Por outro lado, o projeto de lei é concreto ao responsabilizar solidariamente os provedores, aplicativos de redes sociais, pelas reparações de danos, além de já declinar núcleo de riscos sistêmicos relacionados a conteúdos ilícitos, tais como violência contra a mulher, crianças e adolescentes, e ao processo eleitoral.
A proposta ainda traz espécies de condutas comissivas que devem ser observadas rigorosamente pelos provedores, sob pena de multa de até R$ 50 milhões de reais por infração à lei, como, por exemplo, a entrega de relatórios contendo informações sobre riscos sistêmicos oriundos de potenciais ofensas aos conteúdos considerados lesivos pela lei.
A nosso ver, o ponto de maior discussão é a criação de um novo tipo penal relacionado à promoção ou financiamento de conteúdo relacionado a fato inverídico que seja capaz de comprometer a higidez do processo eleitoral ou que possa causar dano à integridade física e seja passível de sanção criminal. Nesse caso, quem poderá determinar se um fato é verdade ou não?
O que o texto apresenta é um mecanismo que pode ser considerado como censura, pois haverá restrição ao exercício da liberdade de expressão, pois a manifestação de pensamento não se apresenta pelo conteúdo e, sim, pela manifestação em si. Essa situação não é um fato novo, existem espécies de manifestação de pensamento que são consideradas como crime, por exemplo, a incitação ao nazismo e outras formas de discriminação, previstas na Lei n.º 7.716/88.
Contudo, as definições de preconceito, discriminação e racismo, estão bem constituídas no direito brasileiro, mas definir o que seja verdade em contextos políticos institucionais, por exemplo, pode realmente atingir o núcleo inviolável da liberdade de expressão, o direito de opinião.
Como mencionado acima, historicamente foram vivenciados diversos momentos em que o fato determinado como verdadeiro, nada mais era do que uma justificativa ideologicamente centrada de um lado para adoção de certas práticas.

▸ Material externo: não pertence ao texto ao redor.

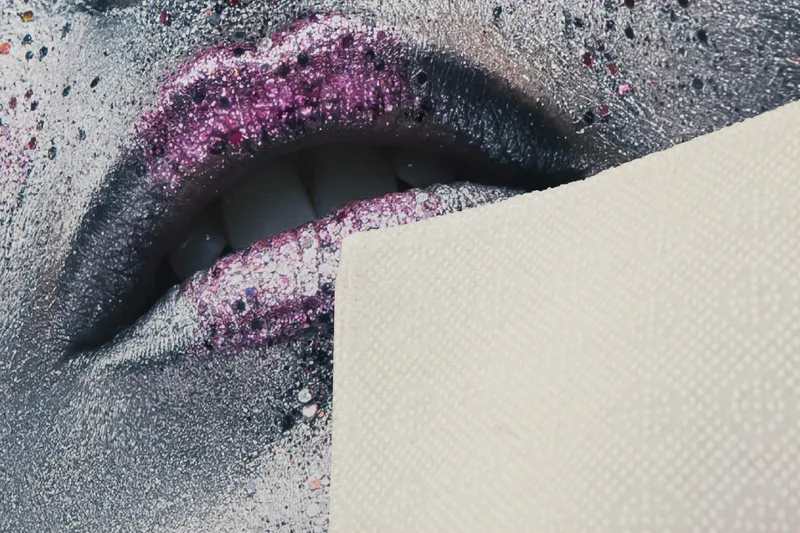 Tolunay Entrematta 80x200 cm - Flerfärgad - Textil & mattor - Mattor - Dörrmatta & hallmatta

De tal modo, ainda não restou objetivado no PL n.º 2630 quem poderá determinar se um fato é verídico ou não, exceto ao Poder Judiciário a quem cabe sempre a última palavra em qualquer caso.

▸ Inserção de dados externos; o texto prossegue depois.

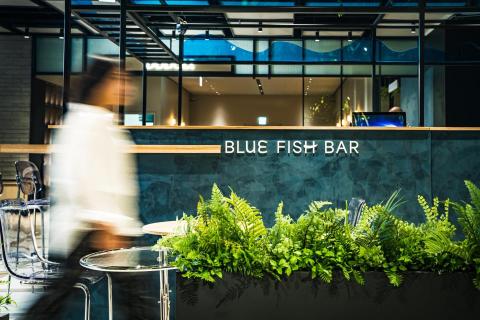 奧德攝影//活動紀錄//商品拍攝//人像拍攝 - 空間攝影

Porém, no que concerne à proteção da privacidade de dados e à autonomia individual, é essencial a sua regulamentação, mas a sua regulação para fins de controle de veracidade dos fatos nos parece temeroso, pois colide com os princípios basilares de toda democracia que é a liberdade de expressão e o livre desenvolvimento da personalidade humana, pois a partir do momento em que haja restrição de acesso a determinado conteúdo, restringe-se a liberdade de expressão, bem como o acesso à informação, impactando na livre formação do indivíduo.
De tal sorte que a criação de um ente capaz de controlar o conteúdo a ser veiculado nos parece com as lições trazidas no clássico livro de ciência política, “O Leviatã”, em que Thomas Hobbes expõe ser o Estado esse ente a quem nós confiamos nossa liberdade e igualdade, e agora nossa democracia.